The shaggy orchard grass felt pleasantly cool as it brushed against my ankles. Our conversation took a sad turn when Daddy commented, “I’m ready to die.”

I was horrified that he felt that way. Being 32 years old and the mother of two very young children made it impossible for me to understand how he felt, so I instinctively exclaimed, “Oh, no!”

Daddy calmly explained, “I’m sorry, but many of my friends have died already, and I don’t feel good anymore. I’m ready.”

Troubled, I questioned, “Do you wish you could start over and be young again?”

His prompt answer surprised me. He declared without hesitation, “No.” My heart dropped. I couldn’t understand why he felt that way, and why he was so adamant.

I always thought that having a second chance was a good thing. As a young adult, I looked forward to all the possibilities that lie ahead.

As a young child, my friends and I would declare, “Do over!” whenever our play was marred by arguing. By starting over, there was a possibility the new outcome would be better, and less disputed.

The 1993 movie, Groundhog Day starring Bill Murray and Andie Mac Dowell, pushed the limits on the idea of doing a day over until a desirable outcome occurred. The character played by Bill Murray was a jerk. Each of his time-loop days started out as a clean slate. No matter what he did, there were no consequences and the days kept repeating. This situation resulted in him acting like even more of a jerk.

Eventually, Murray’s character became depressed by this strange imprisonment. There was no escape. He repeated that one day over and over without end in sight. Giving up brought no relief. What ended the cycle was love and the desire of Murray’s character to remedy that day’s problems.   

With the start of a New Year, the days and months lie before us like clean slates. If you didn’t like last year, you could choose a different course to follow to change the outcome. It’s hard to live up to New Year’s resolutions, but it can be done; one day at a time.

That memorable stroll through the farmyard with my father took place 43 years ago. I sometimes think about the conversation we had that evening. Daddy died less than a year later.

I’m getting close to the age Daddy was when he told me that he was ready to die. It still makes me feel sad that he felt that poorly, and that at the time there wasn’t a treatment to improve his health. But I am finally starting to understand why he wasn’t interested in starting life over again.

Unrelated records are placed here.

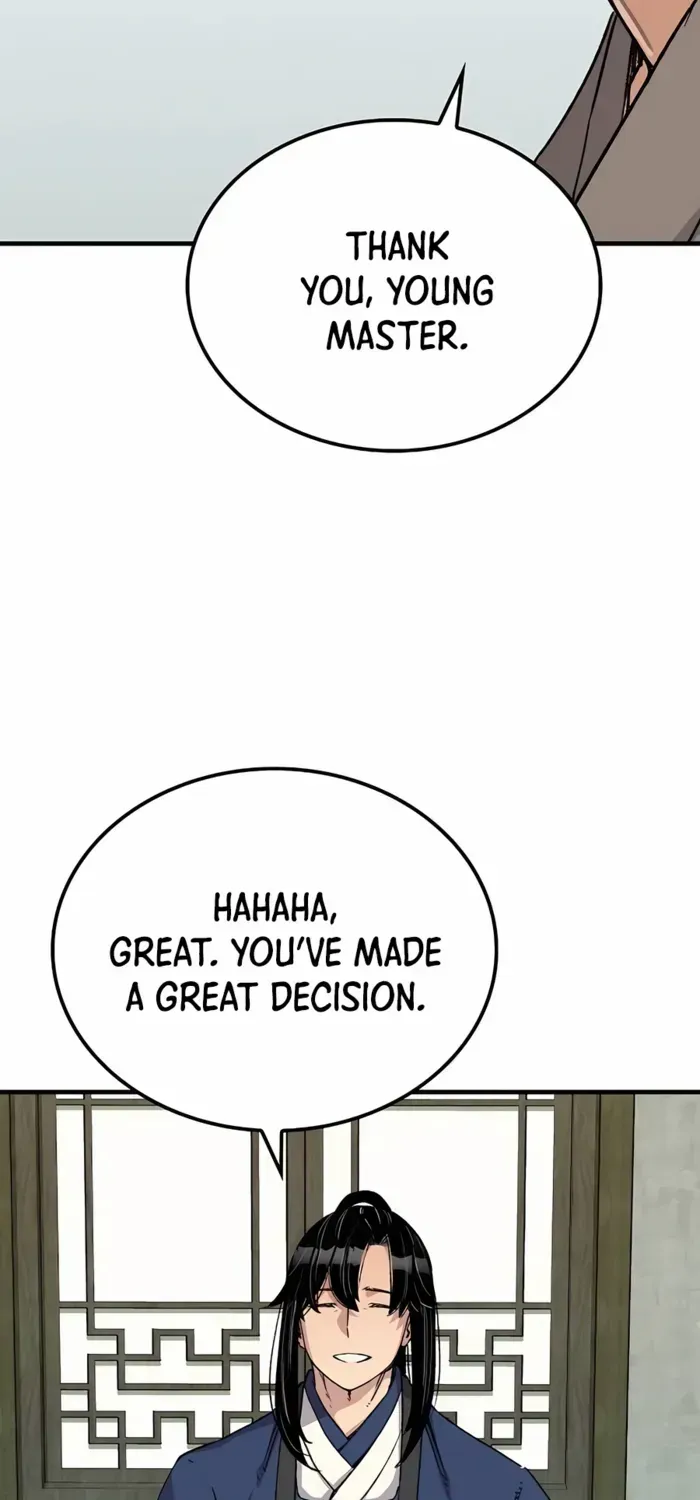 Reborn As The Heavenly Demon Zinmanga X Chapter 54 Page 30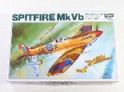 1/32 スーパーマリン　スピットファイア　Mk Vb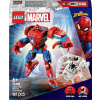 76308 LEGO® MARVEL SUPER HEROES Spider Man M vs. Anti-Venom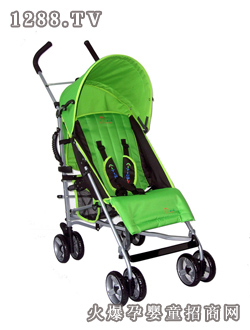 ���똷(l��)��܇A122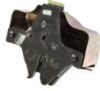 Picture of Hood Latch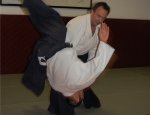 Photo JUDO CLUB LYON VILLEURBANNE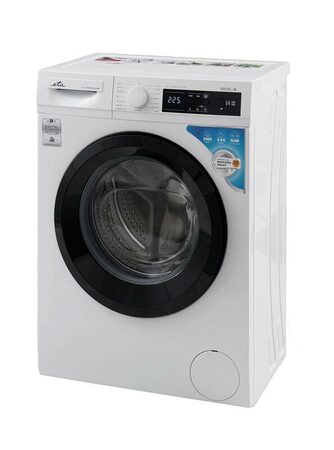 Pračka ETA 355090000B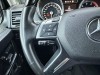 Mercedes-Benz G500 2016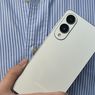 Jurus Jadi Produktif dan Tetap Stylish dengan Galaxy S25 Edge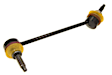 29427 01 Rear, Driver Side Sway Bar Link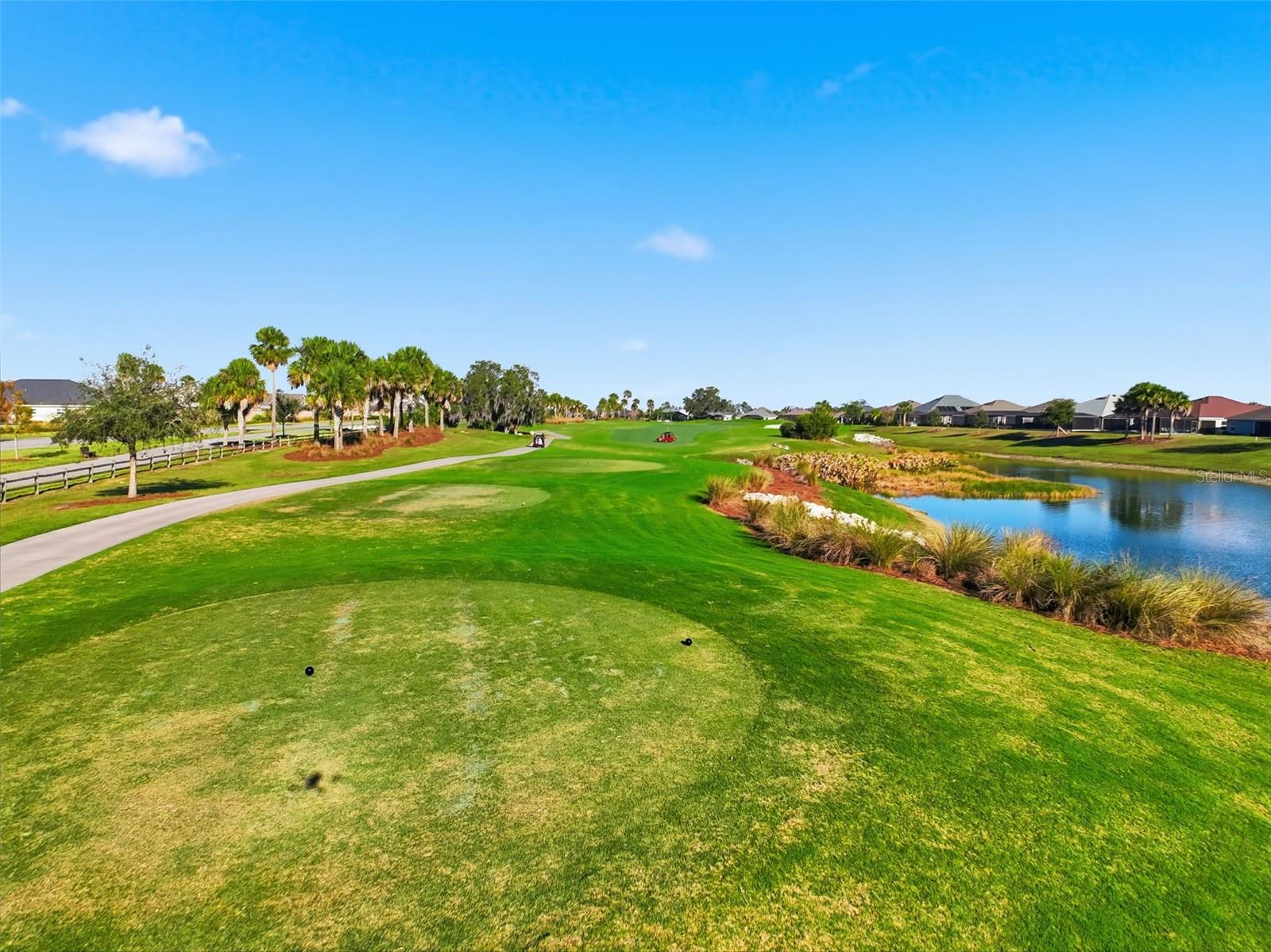 Image 37 of 89 For 2737 Ava Street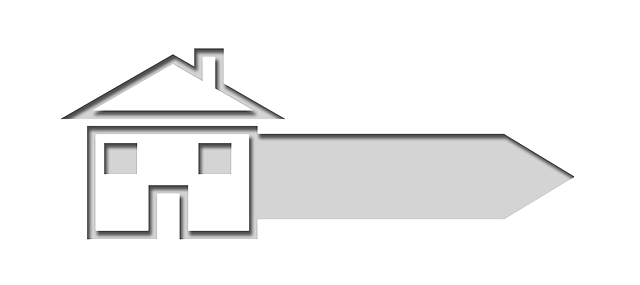 Tenant-Rights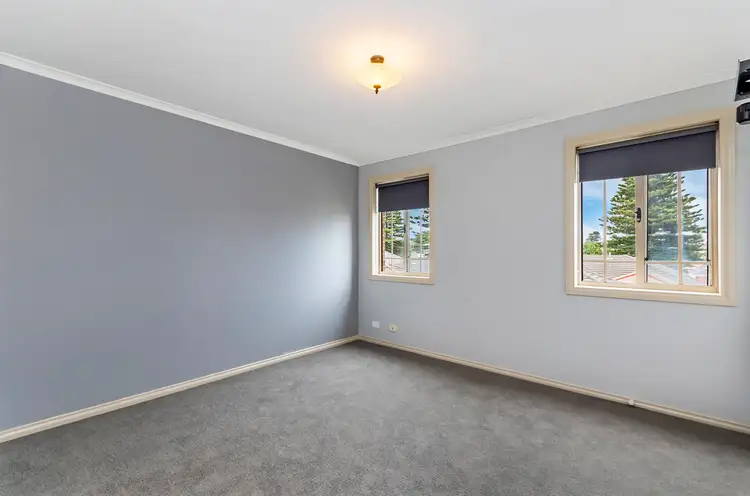 Fourth view of Homely house listing, 6/34-36 Lava Street, Warrnambool VIC 3280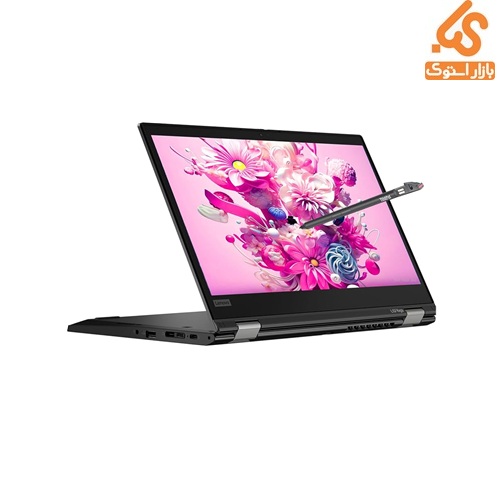 لپ تاپ استوک 360 درجه لنوو تینکپد مدل Lenovo Thinkpad L13 Yoga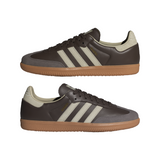 Adidas Tennis Shoes - Samba OG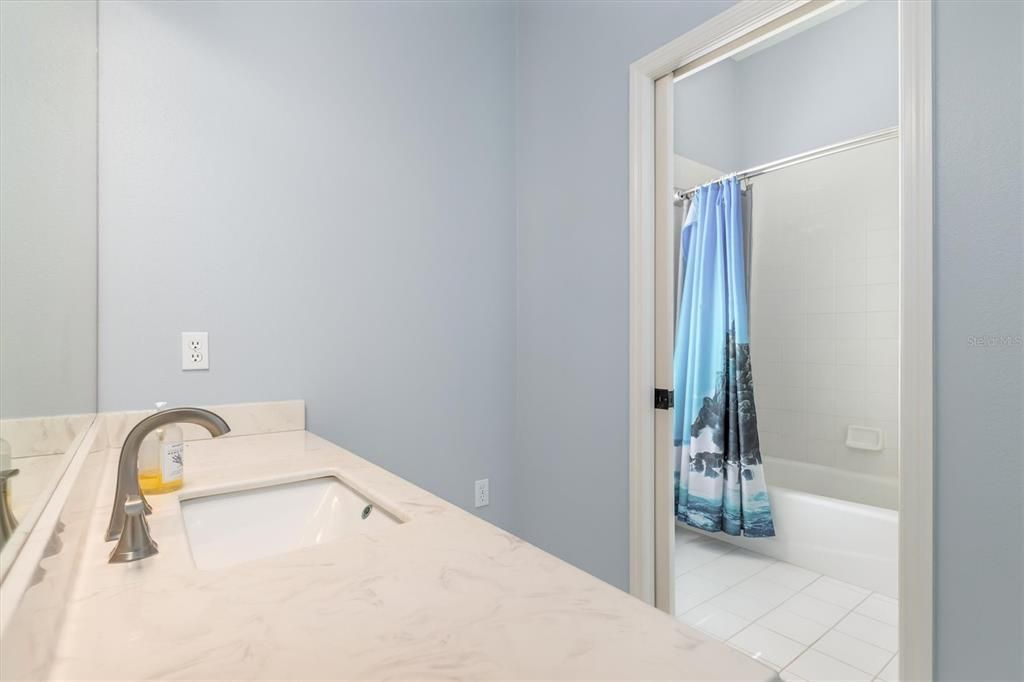 For Sale: $797,000 (3 beds, 2 baths, 2683 Square Feet)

Some people wish they could live forever, but I don’t. This does not mean that I want to die anytime soon, it just means that I think life is hard. Since I have already successfully navigated infancy, childhood, young adulthood, sandwich generation age, and having lost many loved ones, why would I want to run that difficult obstacle course again? Living forever would also prevent us from experiencing the life that follows death. I think whatever happens next will be amazing, and to miss that would be a huge tragedy!